A pessoa do lado de fora da biblioteca provavelmente não tinha nada a ver com o rei, disse Celaena
a si mesma conforme caminhava — ainda sem correr — pelo corredor até o quarto. Havia muitas
pessoas estranhas em um castelo tão grande, e embora Celaena raramente visse outra alma na
biblioteca, talvez algumas pessoas apenas... quisessem ir à biblioteca sozinhas. E incógnitas.
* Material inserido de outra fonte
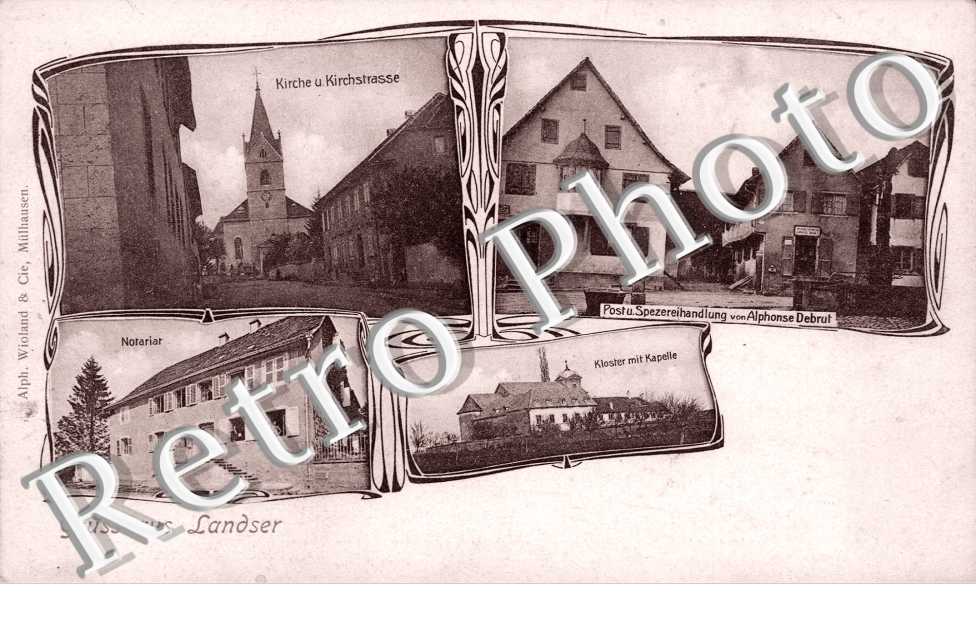 Kirche u. Kirchstrasse - Notariar - Kloster mit Kapelle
Em
uma corte em que ler estava tão fora de moda, talvez fosse apenas algum cortesão ou cortesã
tentando esconder dos amigos debochados uma paixão por livros.
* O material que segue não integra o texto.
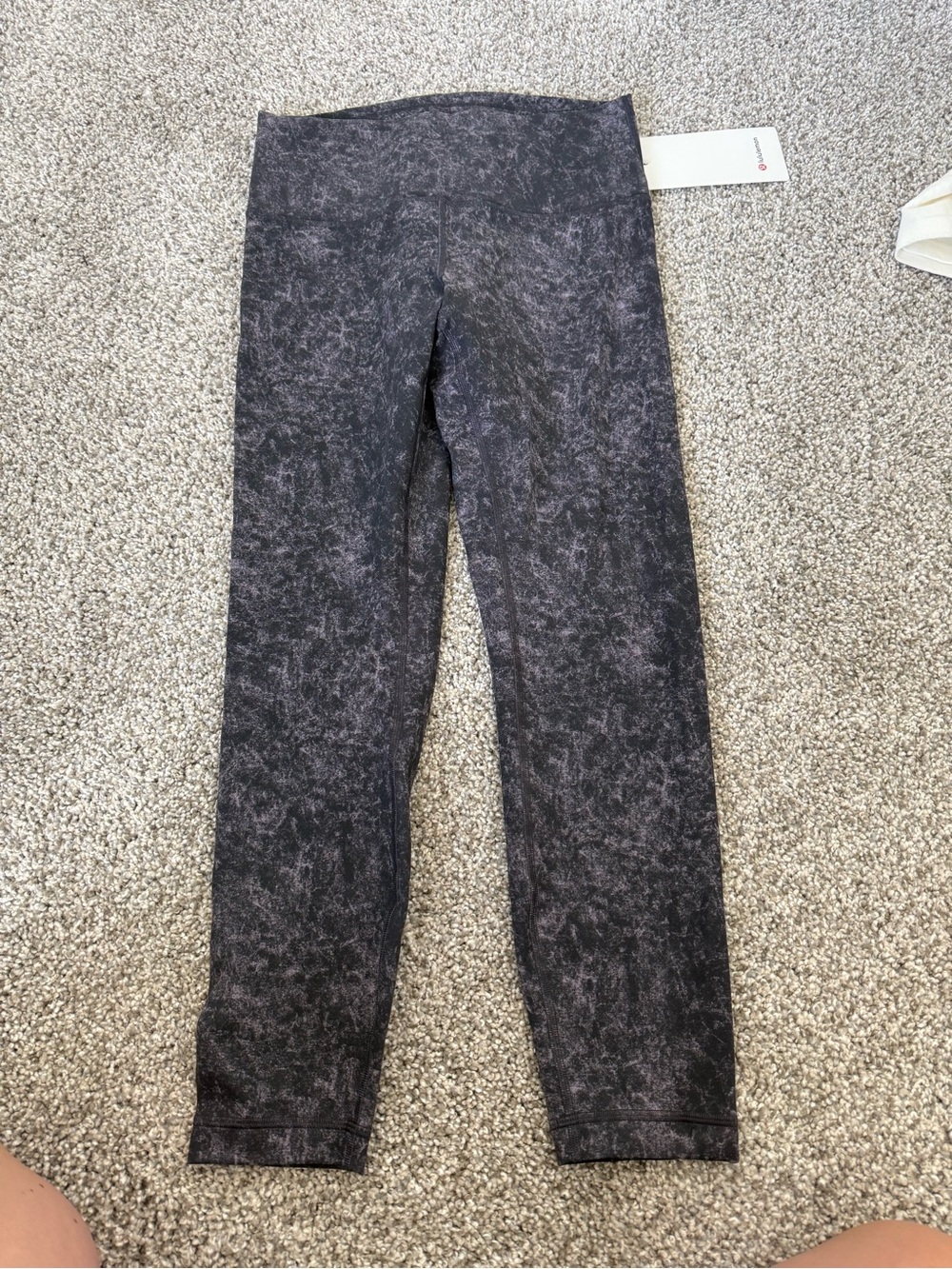 lululemon athletica Black Marble-Effect High-Rise Leggings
Um cortesão animalesco e bizarro. Que fizera com que o amuleto brilhasse.
Celaena entrou no quarto assim que o eclipse lunar começava e resmungou.
— É claro que há um eclipse — murmurou ela, afastando-se das portas da varanda e se
aproximando da tapeçaria estendida na parede.
E embora não quisesse, embora desejasse jamais ver Elena de novo... precisava de respostas.
Talvez a rainha morta risse de Celaena e dissesse que não era nada. Pelos deuses, ela esperava
que Elena dissesse isso. Porque se não...
Celaena balançou a cabeça e olhou para Ligeirinha.
— Quer se juntar a mim? — A cadela, como se sentisse o que a dona estava prestes a fazer,
tratou de andar em círculos na cama e se enroscar dando uma bufada.
— Foi o que pensei.
Em apenas segundos, Celaena empurrou a grande cômoda de gavetas que ficava diante da
tapeçaria escondendo a porta secreta, pegou uma vela e começou a descer, descer e descer pelas
escadas esquecidas que davam no andar bem abaixo.
Os três arcos de pedra a cumprimentaram. Aquele à esquerda conduzia a uma passagem que
permitia espionar o salão de baile. O do centro dava para os esgotos e para a saída escondida que
algum dia poderia salvar a vida de Celaena. E aquele à direita... Aquele levava ao mausoléu
esquecido da antiga rainha.
Conforme caminhava até o mausoléu, Celaena não ousou olhar para o andar em que havia
descoberto Cain conjurando o ridderak de outro mundo, embora os destroços da porta que a
criatura destruiu ainda cobrissem a escada. Havia rombos na parede de pedra por onde o ridderak
saíra, quebrando-a para perseguir Celaena em direção ao mausoléu, até que ela mal conseguira
alcançar Damaris, a espada do rei Gavin, havia muito falecido, a tempo de matar o monstro.
Celaena olhou para a mão, onde um círculo de cicatrizes brancas perfurava-lhe a palma e
circulava o polegar. Se Nehemia não a tivesse encontrado naquela noite, o veneno da mordida do
ridderak a teria matado.
Por fim, a assassina chegou à porta na base da escada espiralada e se viu encarando a aldraba
de bronze em formato de caveira no centro da porta.
Talvez aquilo não tivesse sido uma boa ideia. Talvez as respostas não valessem a pena.
Ela deveria voltar. Pensando bem, aquilo era não era uma boa ideia.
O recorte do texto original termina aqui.